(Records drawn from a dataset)
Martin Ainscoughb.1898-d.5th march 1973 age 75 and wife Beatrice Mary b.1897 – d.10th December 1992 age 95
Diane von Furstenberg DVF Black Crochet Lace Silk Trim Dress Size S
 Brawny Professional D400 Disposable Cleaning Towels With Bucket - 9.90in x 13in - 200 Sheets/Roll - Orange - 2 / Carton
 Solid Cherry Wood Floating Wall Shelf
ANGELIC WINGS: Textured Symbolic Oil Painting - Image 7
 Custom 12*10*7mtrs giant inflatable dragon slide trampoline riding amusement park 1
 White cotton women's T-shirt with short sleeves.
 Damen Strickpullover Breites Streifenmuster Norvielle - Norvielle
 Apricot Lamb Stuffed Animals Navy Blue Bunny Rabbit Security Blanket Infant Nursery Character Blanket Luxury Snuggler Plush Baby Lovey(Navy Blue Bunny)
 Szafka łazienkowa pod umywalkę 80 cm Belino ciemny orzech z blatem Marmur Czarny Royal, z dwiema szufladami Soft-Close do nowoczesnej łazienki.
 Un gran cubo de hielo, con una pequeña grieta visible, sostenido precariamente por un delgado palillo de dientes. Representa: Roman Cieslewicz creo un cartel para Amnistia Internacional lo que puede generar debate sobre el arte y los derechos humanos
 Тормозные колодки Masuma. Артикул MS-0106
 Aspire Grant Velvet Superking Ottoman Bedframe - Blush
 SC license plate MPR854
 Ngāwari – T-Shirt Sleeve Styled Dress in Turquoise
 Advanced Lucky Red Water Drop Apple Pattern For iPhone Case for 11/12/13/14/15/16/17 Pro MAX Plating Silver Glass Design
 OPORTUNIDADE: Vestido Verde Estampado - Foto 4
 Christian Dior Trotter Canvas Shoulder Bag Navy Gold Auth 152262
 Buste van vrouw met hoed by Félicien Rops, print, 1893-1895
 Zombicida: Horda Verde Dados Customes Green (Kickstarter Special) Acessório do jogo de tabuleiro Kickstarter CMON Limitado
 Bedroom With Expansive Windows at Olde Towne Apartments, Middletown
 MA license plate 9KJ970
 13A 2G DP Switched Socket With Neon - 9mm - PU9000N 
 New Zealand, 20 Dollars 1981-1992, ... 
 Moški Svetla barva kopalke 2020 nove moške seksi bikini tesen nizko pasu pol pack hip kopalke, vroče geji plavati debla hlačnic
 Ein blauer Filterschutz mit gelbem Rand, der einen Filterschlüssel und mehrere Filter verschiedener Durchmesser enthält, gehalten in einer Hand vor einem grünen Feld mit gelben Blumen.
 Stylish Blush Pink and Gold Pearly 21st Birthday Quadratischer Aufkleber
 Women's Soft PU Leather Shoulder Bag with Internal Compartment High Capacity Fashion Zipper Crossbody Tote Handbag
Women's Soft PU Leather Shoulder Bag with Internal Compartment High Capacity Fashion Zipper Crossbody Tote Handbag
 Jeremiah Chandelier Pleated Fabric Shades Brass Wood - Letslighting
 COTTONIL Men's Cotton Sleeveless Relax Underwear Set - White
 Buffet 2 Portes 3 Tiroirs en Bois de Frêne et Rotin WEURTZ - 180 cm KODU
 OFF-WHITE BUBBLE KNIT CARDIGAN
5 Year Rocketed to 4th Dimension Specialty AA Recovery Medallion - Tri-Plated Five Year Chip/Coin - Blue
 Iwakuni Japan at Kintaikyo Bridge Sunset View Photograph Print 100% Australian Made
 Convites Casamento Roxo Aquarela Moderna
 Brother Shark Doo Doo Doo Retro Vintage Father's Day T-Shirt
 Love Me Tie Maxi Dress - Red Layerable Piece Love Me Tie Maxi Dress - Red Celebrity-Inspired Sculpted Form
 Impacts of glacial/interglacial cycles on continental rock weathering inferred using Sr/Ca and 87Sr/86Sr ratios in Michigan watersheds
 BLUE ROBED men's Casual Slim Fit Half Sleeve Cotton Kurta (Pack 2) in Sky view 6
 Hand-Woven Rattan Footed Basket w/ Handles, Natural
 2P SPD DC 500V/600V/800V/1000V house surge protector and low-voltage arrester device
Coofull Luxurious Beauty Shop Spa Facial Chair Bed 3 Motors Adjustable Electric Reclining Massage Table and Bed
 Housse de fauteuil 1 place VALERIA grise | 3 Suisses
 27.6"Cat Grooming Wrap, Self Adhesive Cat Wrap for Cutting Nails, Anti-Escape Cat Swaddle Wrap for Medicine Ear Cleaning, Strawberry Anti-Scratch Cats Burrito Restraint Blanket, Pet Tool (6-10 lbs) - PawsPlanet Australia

[TASK DIRECTIONS]:
Show all lines from the data above in which the word "Capacity" appears.

[TASK SOLUTION]:
 Women's Soft PU Leather Shoulder Bag with Internal Compartment High Capacity Fashion Zipper Crossbody Tote Handbag
Women's Soft PU Leather Shoulder Bag with Internal Compartment High Capacity Fashion Zipper Crossbody Tote Handbag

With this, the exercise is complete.